▶ _SUPPLIED MATERIAL_
++++++++++++++++++++
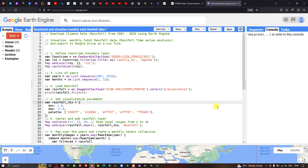Welcome to the channel. Today I will show you how to download climate data for rainfall from 1981 to 2022 using Earth Engine, how to visualize monthly total rainfall data, perform a rainfall time series analysis, and export our rainfall data to Google Drive as a CSV file format.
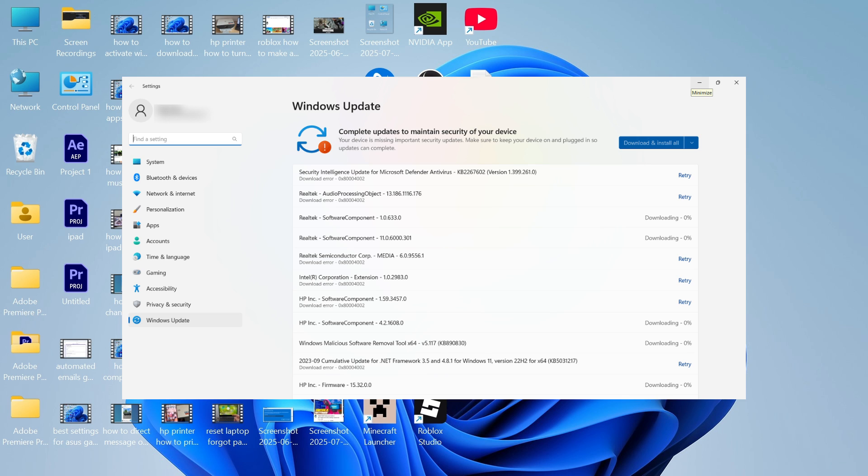In this video I'm going to show you how to fix the Windows update error that says complete updates to maintain security of your device.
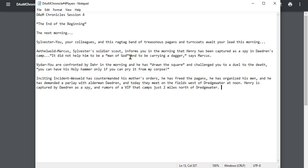So Ethelwald, you know now that your young apprentice Henry is actually being held as a spy, as a man of God wandering around his camp with a dagger. So you are now aware of that, as Marcus told you this morning.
++++++++++++++++++++
Exclude every picture and restate the listing word for word.

▶ _SOLUTION TO THE EXERCISE_
Welcome to the channel. Today I will show you how to download climate data for rainfall from 1981 to 2022 using Earth Engine, how to visualize monthly total rainfall data, perform a rainfall time series analysis, and export our rainfall data to Google Drive as a CSV file format.
In this video I'm going to show you how to fix the Windows update error that says complete updates to maintain security of your device.
So Ethelwald, you know now that your young apprentice Henry is actually being held as a spy, as a man of God wandering around his camp with a dagger. So you are now aware of that, as Marcus told you this morning.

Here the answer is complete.